Côte d'Ivoire : Immigration, Ouattara et Macron diamétralement opposés

Ouattara et Macron opposés à propos de l'immigration
Par Dreyfus polichinelle
Publié le 18 décembre 2017 à 10:04 | mis à jour le 18 décembre 2017 à 10:05

Récemment main dans la main à la faveur du Sommet UA-UE à Abidjan, Emmanuel Macron et Alassane Ouattara affichent désormais une vision opposée au sujet de l'immigration. Alors que le président ivoirien plaide pour l'ouverture de l'Europe, son homologue français adopte plutôt une politique de fermeté.

Empoignade entre Ouattara et Macron à propos de l'immigration

Une vidéo de la chaîne américaine CNN montrant une vente aux enchères des migrants subsahariens en Libye avait créé une vive émotion à travers la planète. Mais entre les déclarations d'intention et la réalité du terrain, l'écart est tellement considérable que la situation des migrants est loin d'avoir trouvé une solution adéquate, tant les dirigeants européens et africains semblent opposés sur le cas de ces chercheurs de vie agréable dans "l'eldorado" européen.

Pour Alassane Ouattara : « Il faut que l’Europe s’ouvre. Il faut que l’Europe fasse en sorte que ces jeunes gens fortement qualifiés soient à mesure d’aller faire des études, puissent faire des stages de formation. » Le président ivoirien reconnait toutefois qu'il ne faut pas considérer que les « problèmes de chômage soient réglés par l’Europe ». Il ajoute par ailleurs : « Nous devrions faire en sorte que nos ressortissants aient des emplois, que cette jeunesse se sente bien chez elle. »

Cependant, le président Emmanuel Macron milite plutôt pour une politique migratoire rigide. À travers un projet de loi sur l’immigration, en préparation pour le printemps 2018, le président français entend axer son action sur un triptyque. D’abord, limiter les arrivées en France, à travers les actions menées en Afrique et particulièrement en Libye, ensuite renvoyer les migrants n’obtenant pas le droit d’asile, enfin mieux accueillir les réfugiés l’ayant obtenu.

« Le ministère de l'Intérieur (Gerard Collomb, Ndlr) va désormais prendre la main sur ce qu'il sait être une réserve de sans-papiers. Une circulaire en date du 12 décembre instaure la création de brigades mobiles envoyées pour contrôler les personnes hébergées dans les hôtels sociaux », a-t-il indiqué.

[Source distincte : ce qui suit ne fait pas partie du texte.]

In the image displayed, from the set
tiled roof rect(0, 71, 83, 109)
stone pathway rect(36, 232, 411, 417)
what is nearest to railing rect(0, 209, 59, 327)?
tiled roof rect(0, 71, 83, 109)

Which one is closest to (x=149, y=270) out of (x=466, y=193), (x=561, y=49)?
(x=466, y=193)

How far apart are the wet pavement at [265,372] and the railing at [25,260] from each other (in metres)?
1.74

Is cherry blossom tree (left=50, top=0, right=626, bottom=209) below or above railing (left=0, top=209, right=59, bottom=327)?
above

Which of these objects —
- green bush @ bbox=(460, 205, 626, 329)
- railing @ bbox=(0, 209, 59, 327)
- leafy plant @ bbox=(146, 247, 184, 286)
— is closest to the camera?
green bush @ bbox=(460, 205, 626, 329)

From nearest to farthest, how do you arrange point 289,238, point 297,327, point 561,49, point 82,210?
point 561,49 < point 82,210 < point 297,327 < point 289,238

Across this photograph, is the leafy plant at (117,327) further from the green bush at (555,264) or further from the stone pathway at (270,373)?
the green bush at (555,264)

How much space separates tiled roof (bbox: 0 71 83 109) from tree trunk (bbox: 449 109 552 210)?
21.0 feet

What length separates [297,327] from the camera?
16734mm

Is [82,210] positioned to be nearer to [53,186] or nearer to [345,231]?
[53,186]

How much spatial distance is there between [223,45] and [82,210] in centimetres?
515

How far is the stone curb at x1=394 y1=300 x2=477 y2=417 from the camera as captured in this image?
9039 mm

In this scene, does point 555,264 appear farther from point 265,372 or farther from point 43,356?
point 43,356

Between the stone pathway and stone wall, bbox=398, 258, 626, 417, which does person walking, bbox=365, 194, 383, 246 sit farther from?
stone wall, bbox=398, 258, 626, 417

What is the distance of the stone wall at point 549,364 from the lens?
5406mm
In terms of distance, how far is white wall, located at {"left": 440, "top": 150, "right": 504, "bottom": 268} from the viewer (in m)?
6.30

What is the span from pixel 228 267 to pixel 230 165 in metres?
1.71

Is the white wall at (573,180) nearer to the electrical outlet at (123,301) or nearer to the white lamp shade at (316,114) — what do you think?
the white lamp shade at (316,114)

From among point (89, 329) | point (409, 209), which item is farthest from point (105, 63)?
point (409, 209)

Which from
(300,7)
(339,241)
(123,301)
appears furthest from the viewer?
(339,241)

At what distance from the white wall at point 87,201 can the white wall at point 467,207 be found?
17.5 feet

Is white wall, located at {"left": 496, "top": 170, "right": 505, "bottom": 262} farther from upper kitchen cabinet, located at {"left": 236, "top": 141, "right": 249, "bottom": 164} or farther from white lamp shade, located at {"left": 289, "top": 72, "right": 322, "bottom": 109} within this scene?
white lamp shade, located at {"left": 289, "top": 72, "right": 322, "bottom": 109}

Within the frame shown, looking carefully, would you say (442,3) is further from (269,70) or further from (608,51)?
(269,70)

Cette attitude du président contraste avec les promesses faites par le candidat Macron lors de la présidentielle, où il invoquait l’« honneur de la France à accueillir les réfugiés ». Aussi, à la faveur de la journée mondiale internationale des migrants de ce 18 décembre, plusieurs manifestations sont prévues contre la politique du locataire de l'Élysée. Amnesty International entend donc faire pression sur le président Macron pour « remettre au cœur des choix du gouvernement le respect des droits des migrants et des réfugiés, quel que soit leur statut, comme l’exigent les textes internationaux de protection des droits humains ».